In combination with these infantry assaults, Russia is also increasingly focused on identifying and killing Ukrainian drone operators, said Rob Lee, a senior fellow at the Foreign Policy Research Institute. “Russia has identified Ukrainian [drone] capabilities and [drone] teams as the center of gravity of the Ukrainian military,” he said. Ukraine is increasingly reliant on such operators, as its own infantry is undermanned.
To go after them, Russia sends its infiltration teams to eliminate them, as well as using drones, bombs dropped from planes, and artillery, he said. The focus is so intense that Russian artillery now targets Ukrainian drone teams more often than it targets Ukrainian infantry, he added.

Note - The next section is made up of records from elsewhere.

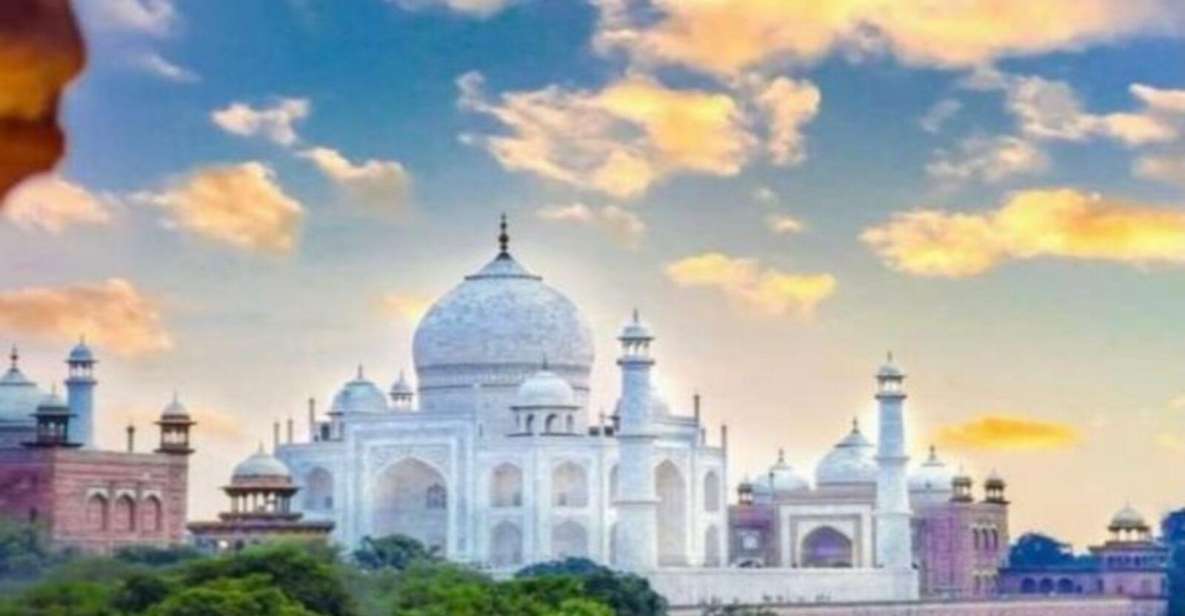 From Delhi:- Taj Mahal & Agra Tour by Gatimaan Express Train - Inclusions of the Tour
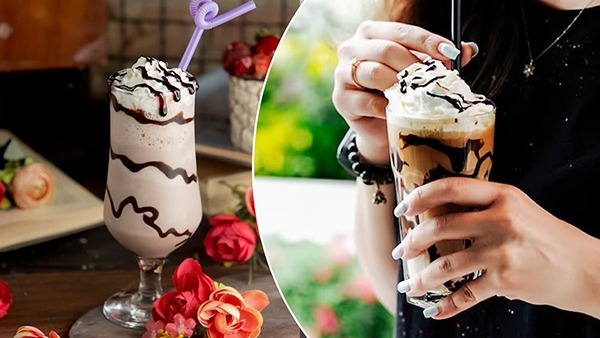 milkshake with ice cream recipe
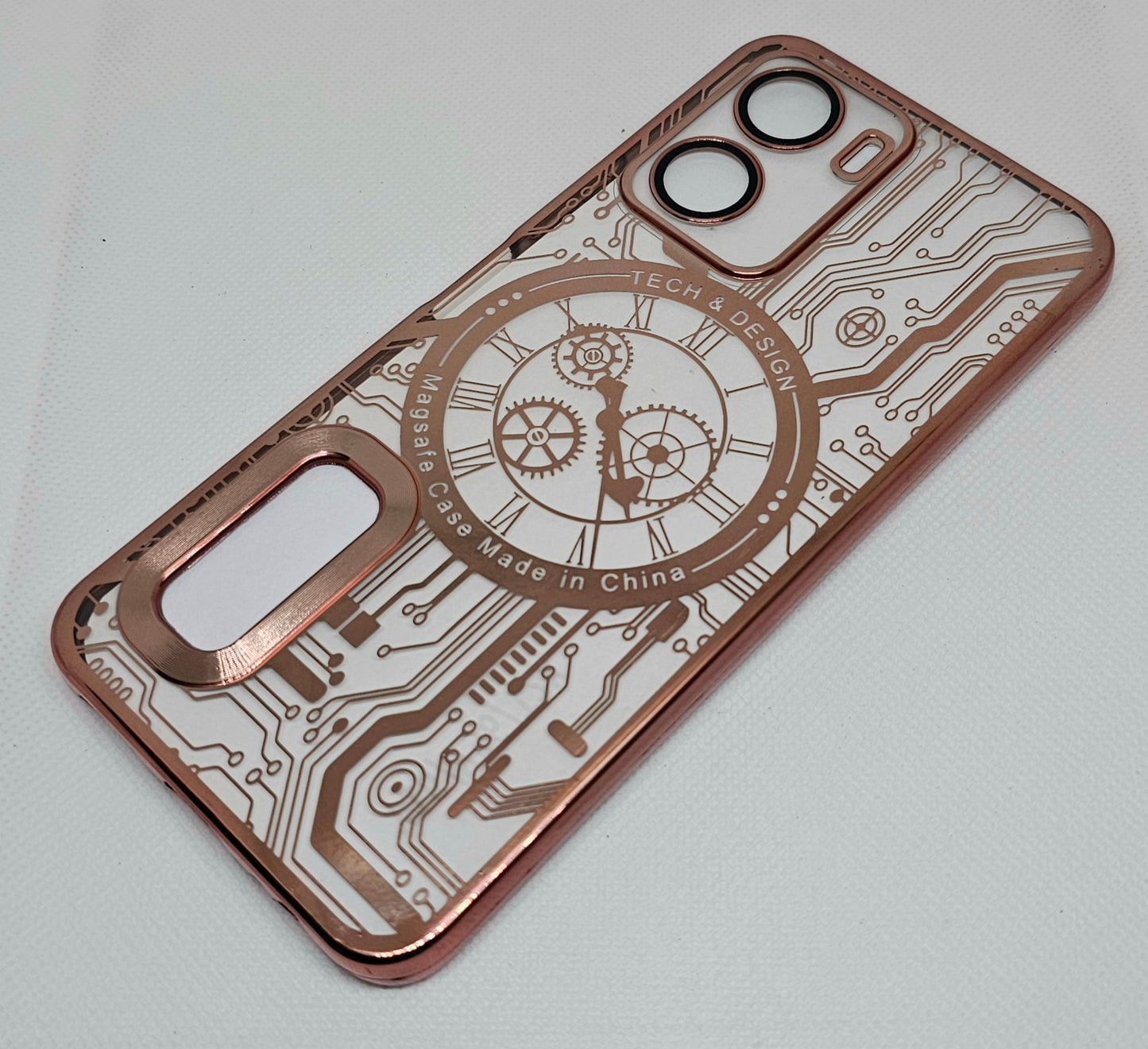 Vivo Y16 / Y56 Mobile CD Watch Machine Design Back Cover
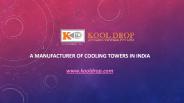 Cooling Tower Manufacturer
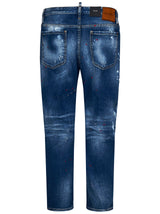 Dsquared2 Medium Worn Out Booty Wash Bro Jeans - Men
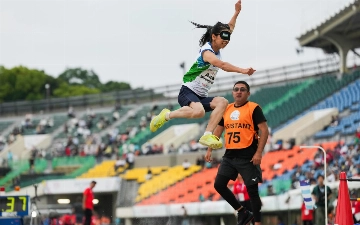 Узбекистан завершил ЧМ по паралегкой атлетике с 13 медалями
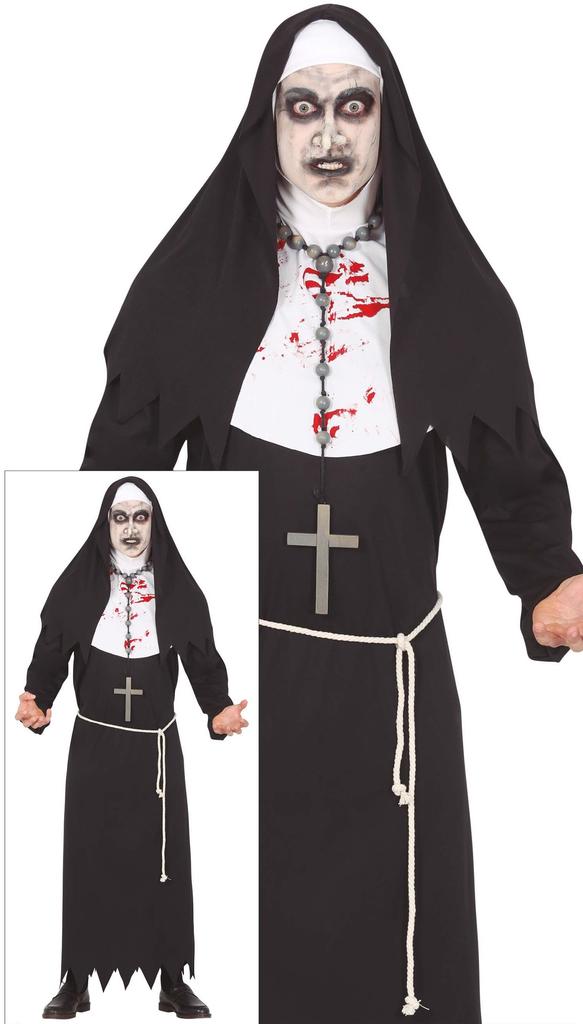 Monk Costume Ghostly Bloody Friar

In turn, strikes on Ukrainian drones can help Russian soldiers move forward. At least some Russian commanders time attacks on drone teams with infantry movements, Kasapoglu added. “They are trying to create windows for maneuver,” he said.

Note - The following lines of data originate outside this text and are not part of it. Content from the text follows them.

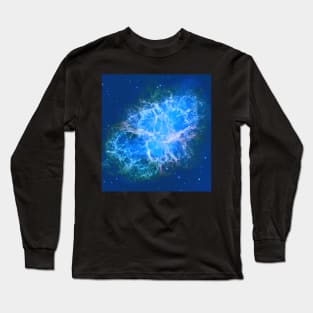 Crab Nebula Long Sleeve T-Shirt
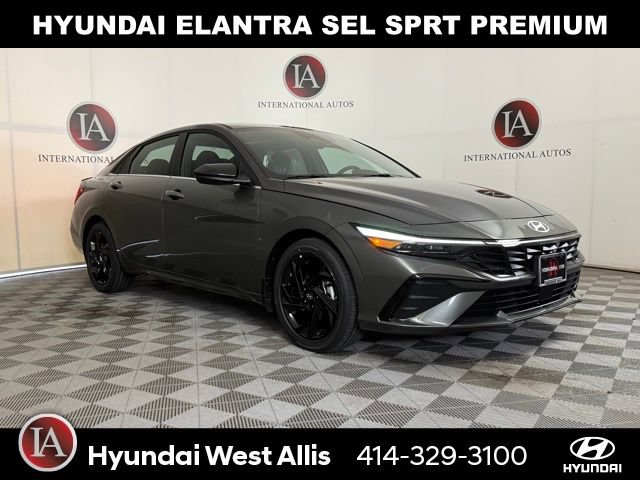 New 2026 Hyundai Elantra SEL Sport Premium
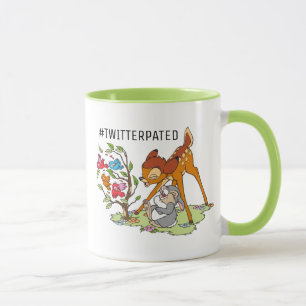 Mug Bambi Et Thumper Rire Des Oiseaux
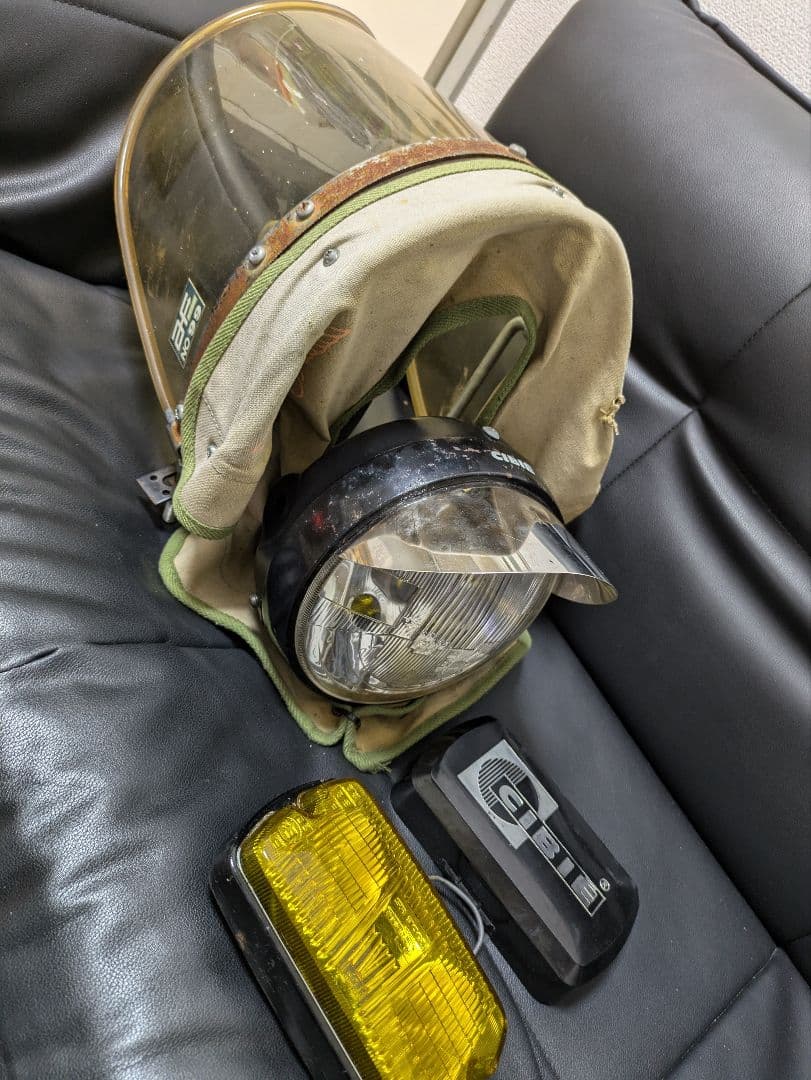 CIBIEシビエフォグランプ風防ヤシメガCBXGSGT380CB250Nゼファー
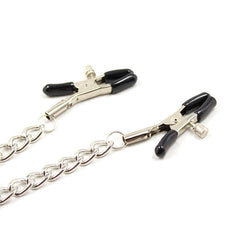 OHMAMA FETISH - 4 NIPPLE Clamps WITH CHAINS - 53Xshop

Meanwhile, Russia’s own drone units have worked to strangle Ukrainian logistics by attacking vehicles moving into Pokrovsk, Stepanenko said. By doing so, they isolate sectors of the front line, pinning down units, starving them of supplies, and weakening their ability to defend against Russian attacks.

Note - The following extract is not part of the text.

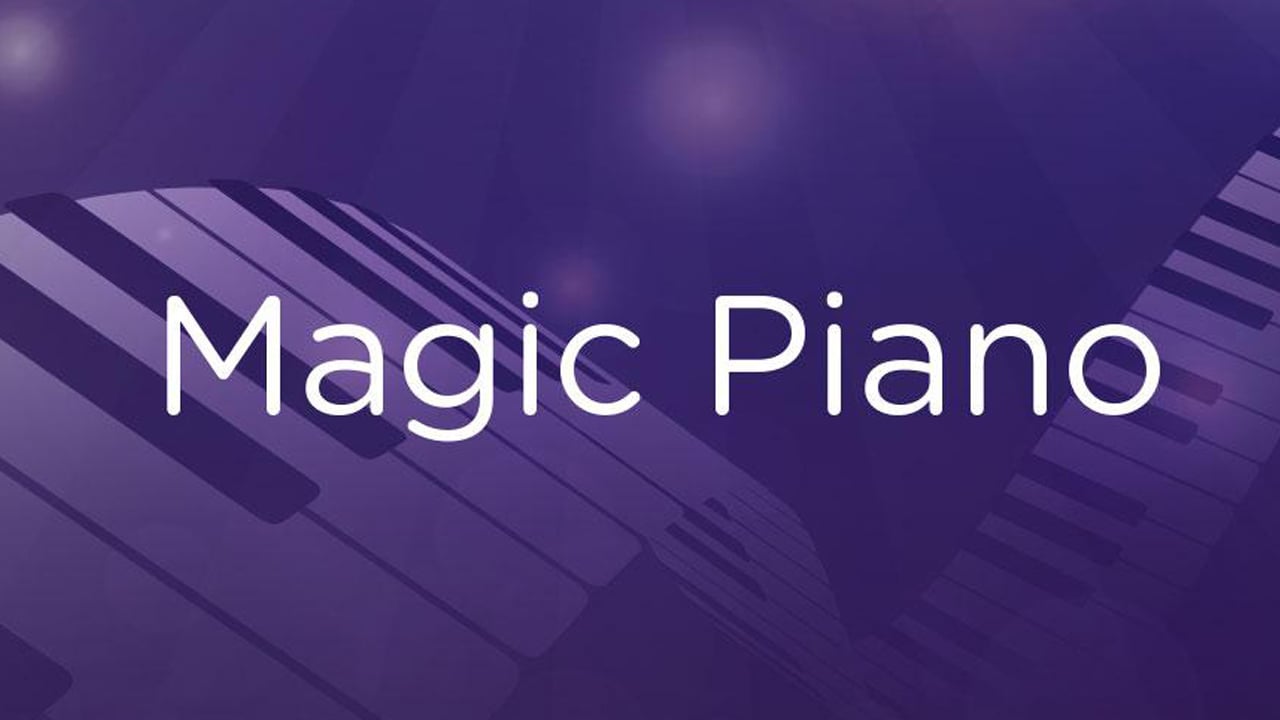 Magic Piano by Smule poster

Behind Russia’s increasing drone dominance stands greater investment in specialized drone formations, like the elite Rubicon drone unit. Such units use a combination of drones, including reconnaissance and strike drones, which destroy their targets by crashing an explosive payload into them.
Russian drone pilots are also benefiting from increasing cooperation with China, Stepanenko said. Russia’s use of fiber-optic drones, which maneuver through signals sent through unjammable fiber-optic cables, depends on China’s capacity to manufacture the cables, she said. Meanwhile, Ukraine has found its access to much-needed Chinese drone components choked off.
Of course, not all of Russia’s successes near Pokrovsk are specifically related to drones. Russia has also learned to strike when Ukrainian units are rotating out their limited front-line troops, taking advantage of temporary gaps in Ukraine’s line, Kasapoglu said.
Ukraine’s shortage of infantry also means it must move troops from one front to the next in order to shore up gaps. That, in turn, leaves a weakness that Russia can exploit, Lee said. Ukraine’s stabilization of its lines near Dobropillya, for example, saw Ukraine draw troops from Pokrovsk—further enabling Russia to take ground there.
Still, Ukraine is scoring victories. Ukrainian President Volodymyr Zelensky on Nov. 9 said Russia had lost 25,000 soldiers killed or wounded in October alone, a figure similar to estimates of 20,000 Russian soldiers killed per month given by analyst Jack Watling of the Royal United Services Institute think tank.
And for all those losses, Russia has not yet achieved its goal of encircling Ukrainian forces, in part because Ukraine has moved forces to stabilize the edges of the pocket in Pokrovsk. While that weakens other areas of the front line, those units may be enough to prevent encirclement, Lee said.
It’s also unclear as yet how well these tactics may work outside of the urban environment of Pokrovsk. Pokrovsk’s structures provide concealment to Russian infiltration teams, allowing them to gather in large enough numbers to then launch assaults. They also provide those soldiers protection from the Ukrainians’ relatively low-power drones, which can only pack a small amount of explosives, Stepanenko noted.
The open fields behind Pokrovsk, however, offer neither concealment nor cover, meaning that Ukrainian drones may be able to more easily identify and attack Russian infiltration groups, Lee said.
The incoming winter weather will also expose such groups to hypothermia, especially those initial groups that move and then settle in for as long as a week while they wait for other soldiers to join them, Lee said. Cloudy winter weather will also make it harder for Russian drones to spot Ukrainian logistics units moving, he added.
But no matter the tactical conditions, Lee said, Russia will have a card up its sleeve—its ability to move its larger army across the front line’s nearly 800 miles of length. “They’re going to advance wherever Ukraine is weakest,” Lee said.